The cluster must allow outbound connections to the Seqera Cloud web service
Does this mean that NCI is incompatible because its worker nodes have no outbound internet access? There are some very low power / low memory nodes with internet access but they are too limited for processing (1GB memory etc)
Yes. In order to communicate the status of the run to Platform, the Nextflow process will need to be able to reach cloud.seqera.io. Note that only the “head” Nextflow job needs this access. The tasks that Nextflow submits to the cluster (in your case, likely on a separate queue/partition) will not need that net access unless.

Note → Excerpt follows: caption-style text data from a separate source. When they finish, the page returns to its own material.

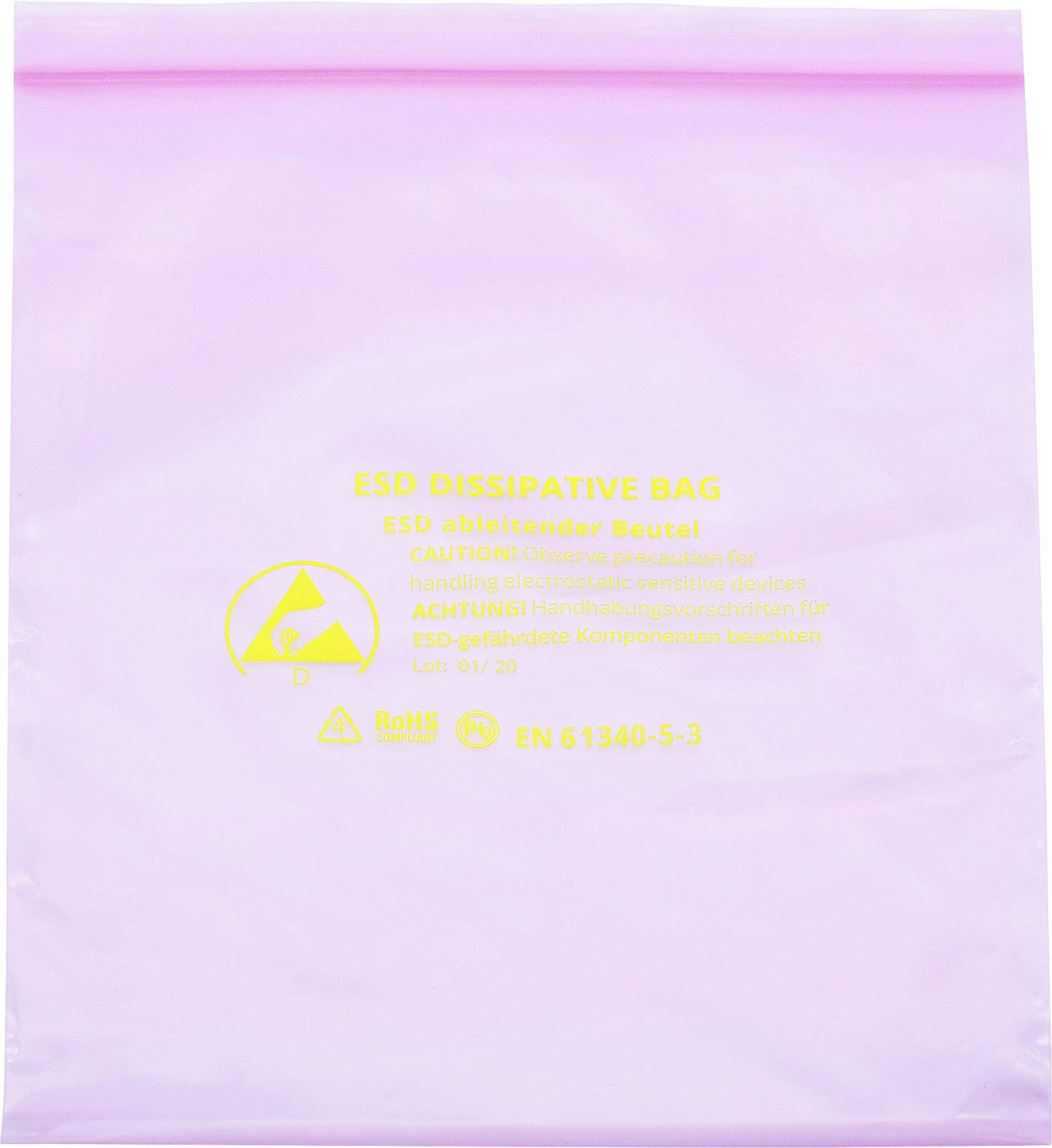 A pink ESD bag with a yellow inscription: 'ESD Dissipative Bag'. Warns of electrostatic discharge for sensitive equipment.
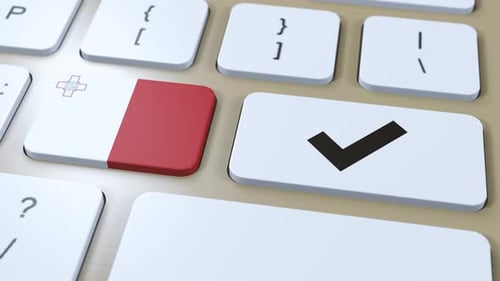 Pressing Enter Key with Malta Flag and Checkmark on Keyboard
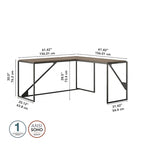 Bureau d'angle en L pour 1 personne, Gris rustique / Gris restauré / Noyer hickory gris foncé / Blanc cottage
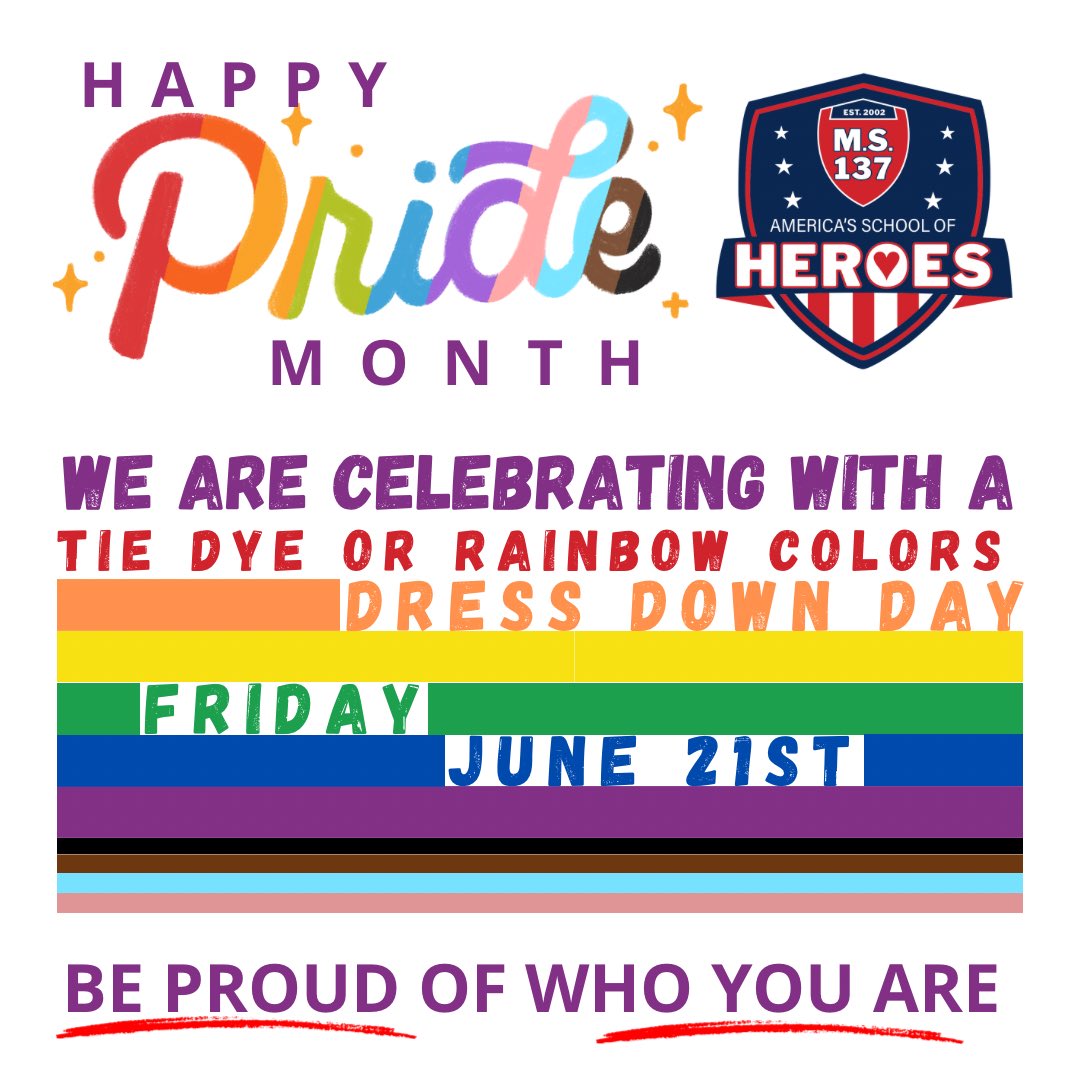 Tomorrow is our Pride Month Dress Down Day… we invite all students and staff to wear either Tie Dye or a Rainbow Themed shirt to school on Friday, June 21st!!! <a href="/D27NYC/">Community School District 27</a> <a href="/Principal_Trin/">Pamela Trincado</a>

When creating the Compute Environment, you can specify the queues to which the Nextflow “head” process will be submitted, and then queue to which the tasks comprising the workflow will be submitted:
Just for any others using NCI - there is a queue called copyq that we can submit the head nextflow job to. This seems to work and I can see progress updated in Seqera.
One unfortunate constraint is that this queue is limited to a wall time of 10 hours.
A 10h walltime constraint is unfortunate. I would lobby the NCI admins to raise the walltime on that queue. I’ve found other sysadmins (e.g. Pawsey in WA) receptive.